▶ _DATA FOR THIS EXERCISE_:
*** Begin section ***
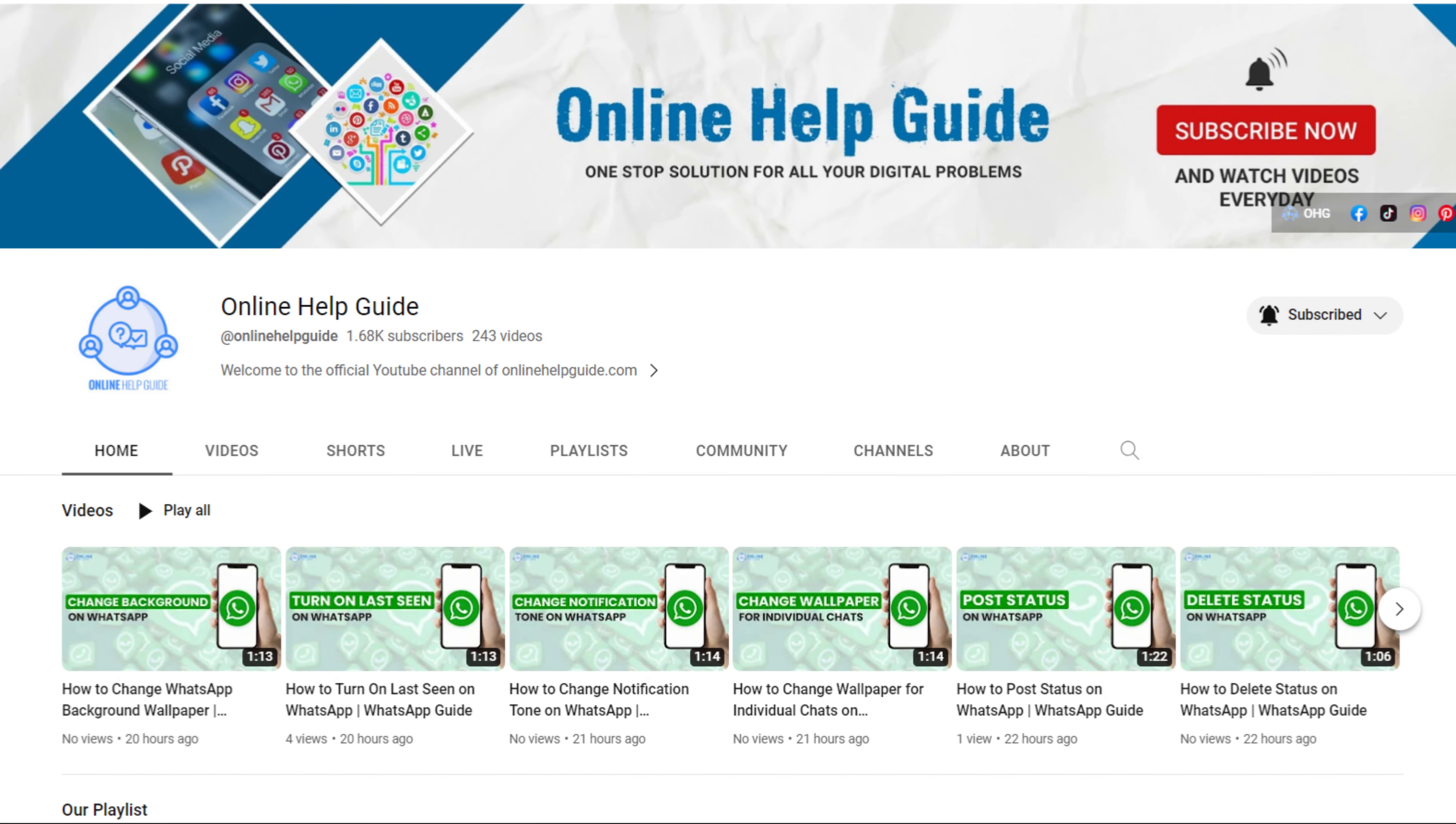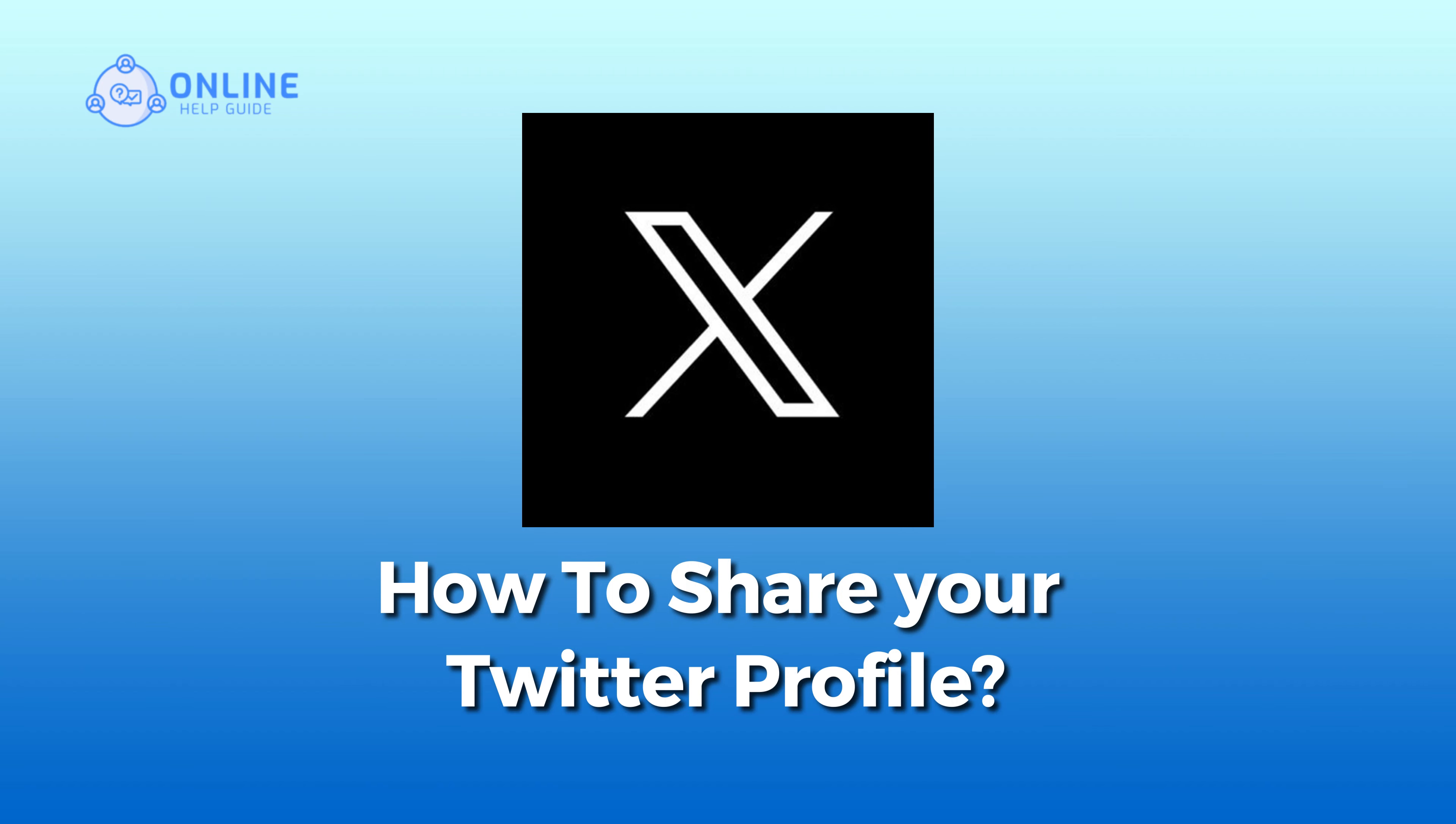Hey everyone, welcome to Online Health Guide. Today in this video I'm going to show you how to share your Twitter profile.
*** End section ***
*** Begin section ***
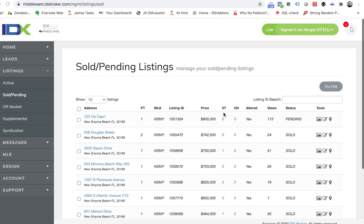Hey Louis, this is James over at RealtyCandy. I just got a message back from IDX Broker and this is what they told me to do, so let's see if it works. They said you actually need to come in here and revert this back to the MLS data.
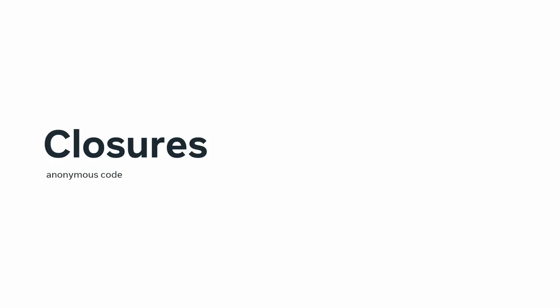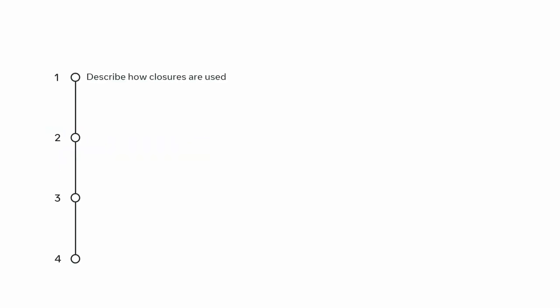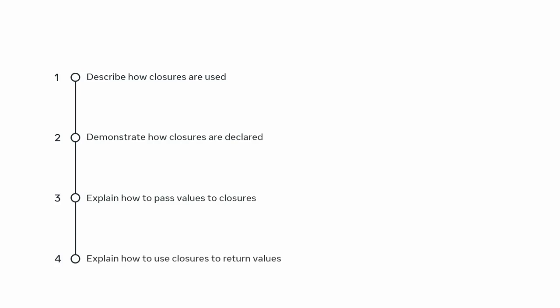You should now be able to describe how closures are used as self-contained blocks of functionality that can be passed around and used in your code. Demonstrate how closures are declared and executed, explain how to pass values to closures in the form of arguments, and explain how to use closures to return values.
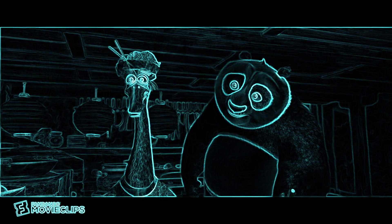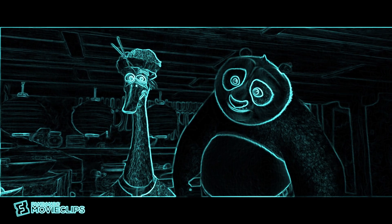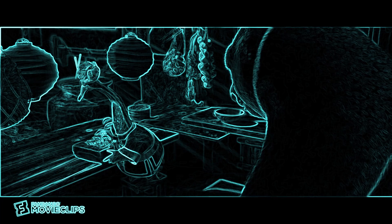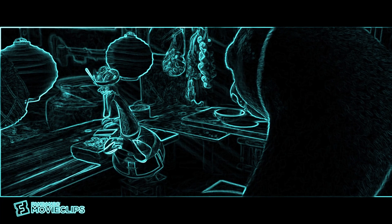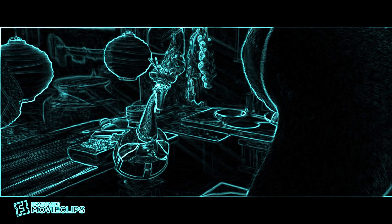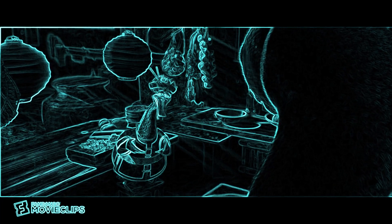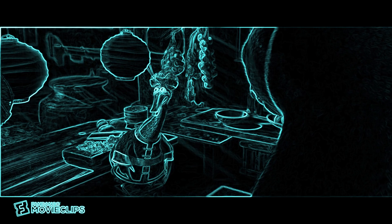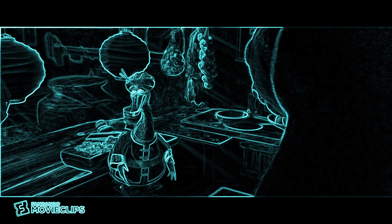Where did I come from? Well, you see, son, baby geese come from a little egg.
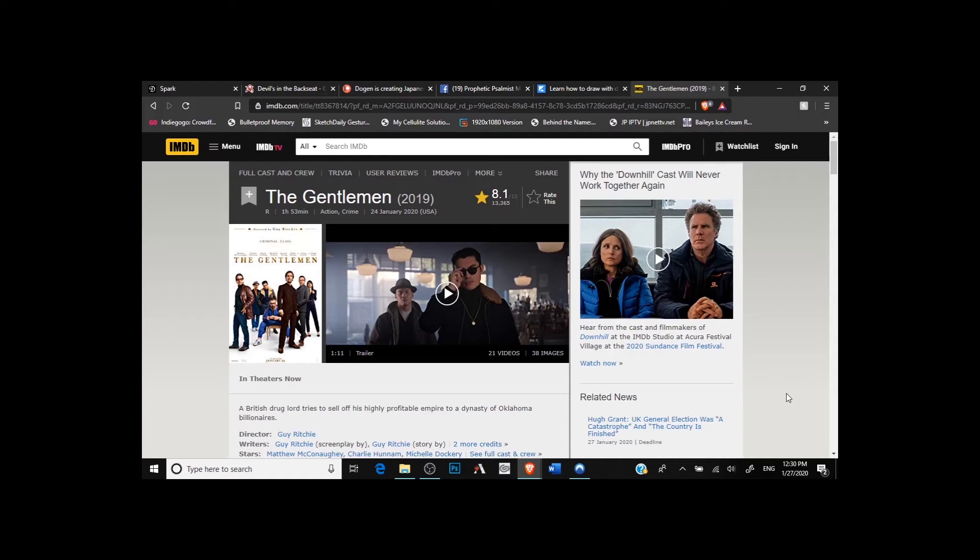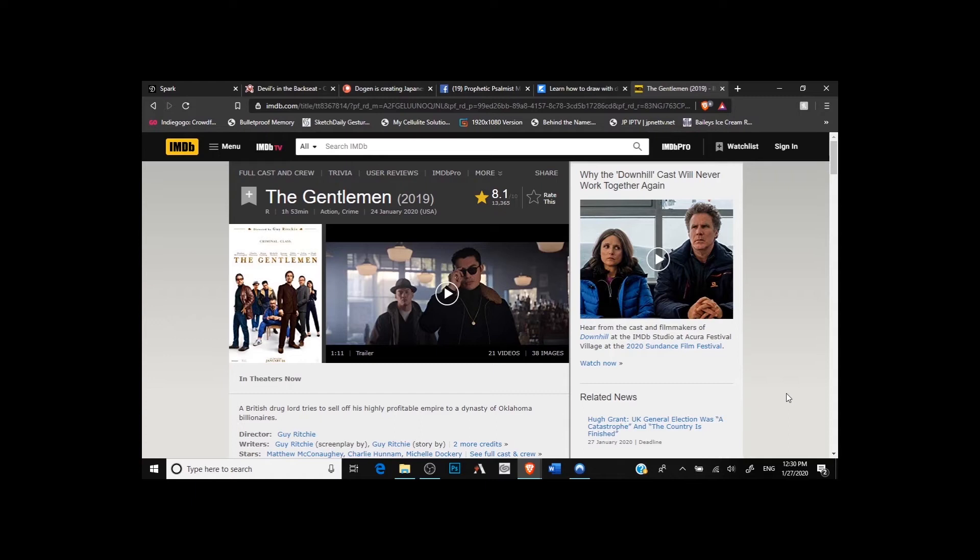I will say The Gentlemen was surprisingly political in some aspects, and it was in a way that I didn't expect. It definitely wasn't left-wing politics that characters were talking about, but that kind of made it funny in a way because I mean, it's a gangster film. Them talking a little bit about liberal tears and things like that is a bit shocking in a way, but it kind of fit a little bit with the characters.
*** End section ***
▶ _PROBLEM TO SOLVE_:
From the records above, write out exactly the lines that begin at the line with "You should now" and end at the line with "Where did I". Pictures must not appear in the output.

▶ _YOUR RESPONSE_:
You should now be able to describe how closures are used as self-contained blocks of functionality that can be passed around and used in your code. Demonstrate how closures are declared and executed, explain how to pass values to closures in the form of arguments, and explain how to use closures to return values.
Where did I come from? Well, you see, son, baby geese come from a little egg.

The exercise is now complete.